Clinical Data Timing Can Define M&A Opportunity Windows
The Abivax situation illustrates how biotech deal timelines cluster around data readouts. Potential acquirers are explicitly waiting for a fuller data release rather than acting on the initial drop β suggesting pharma BD teams and biotech investors should track October 2026 as a key decision point.
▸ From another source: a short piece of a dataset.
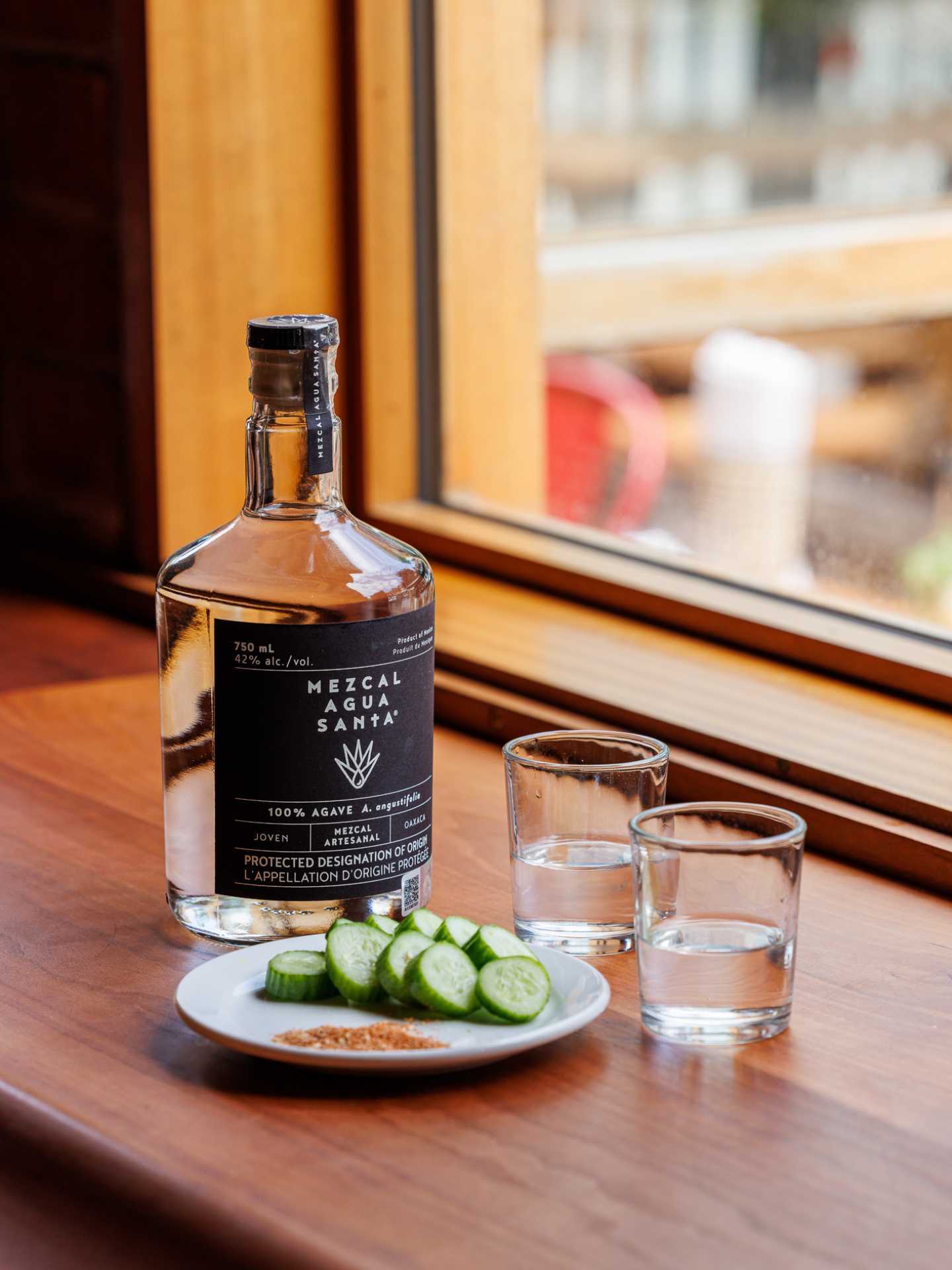 Tequila and mezcal | A bottle of mezcal on a table with cucumbers and rimming salt Tequila and mezcal | A bottle of mezcal on a table with cucumbers and rimming salt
"Some suitors might view this red flag as a buying opportunity, but the likeliest scenario is that everyone waits for a fuller data release in October."
6. Overlooked Insights
The Big AI "Circular Economy" May Mean Institutional Investors Don't Actually Pick Winners
The article briefly references a "circular economy" among Big AI players (where companies like Anthropic buy compute from, and sell services to, each other), and notes most institutional investors will simply index across them. This has significant implications for AI-focused fund managers trying to differentiate on stock selection β the alpha opportunity may be narrower than it appears.
"It's unlikely to be a winner-take-all market, as most institutional investors will effectively index Big AI's circular economy, but momentum matters at the margins."
New Index Inclusion Rules β Tested First by SpaceX β Could Structurally Benefit Anthropic and OpenAI
The article briefly notes that Anthropic and OpenAI may benefit from investors already having navigated novel index inclusion mechanics with SpaceX. This is an underappreciated technical tailwind: if index funds are already configured to absorb non-traditional public company structures, demand for Anthropic and OpenAI shares at IPO could be structurally larger.
"Both companies may benefit in a post-public SpaceX world, because investors will already have seen new index inclusion rules in action."